The idea behind the shechita is relinquishing one’s former existence, however this itself never means annihilation, rather this is an essential requirement for a higher level of existence. The blood that is shed is immediately taken up and received for a new and higher existence through the process of kabalas hadam.
Whilst this is true for all korbanos this is most certainly true for the korban pesach, which is slaughtered only in order to be eaten by those who are registered for it and who have symbolically nullified their existence and surrendered themselves to Hashem.
Rav Hirsch continues to say that the whole point of freedom is to have the free use and enjoyment of one’s own personality.
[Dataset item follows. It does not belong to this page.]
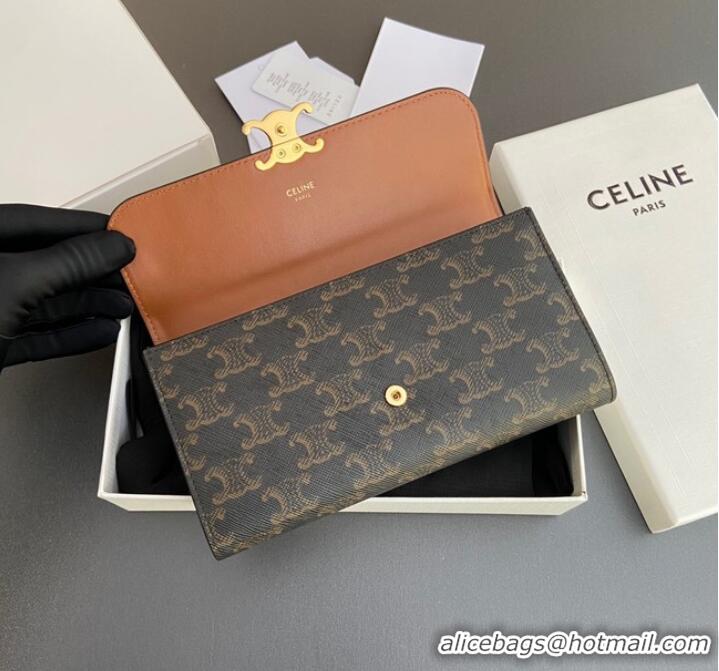 Top Quality Celine LARGE WALLET TRIOMPHE IN TRIOMPHE CANVAS 10E313 TAN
The free person is able to use all of their physical energies and mental abilities for their own purposes. This alone gives the ego its personal worth and confers upon the individual his physical and spiritual self as his own domain over which he alone may rule.
It is because of this, that it is so important that the korban pesach be eaten by those who are registered on it. The animal symbolises their personalities before the act of offering and the offering itself represents the nullification of their own existence and total commitment to Hashem. Eating the Korban Pesach symbolises the freedom and independence that the People of Israel attain by devoting themselves totally to Hashem.
Through eating the Pesach they regain their own selves after having been slaves, absorbed and lost in the personality of the master. Slaughtering it for an unregistered group would imply outright enslavement and slaughtering it for people who were not going to eat it would imply self-sacrifice without regained independence.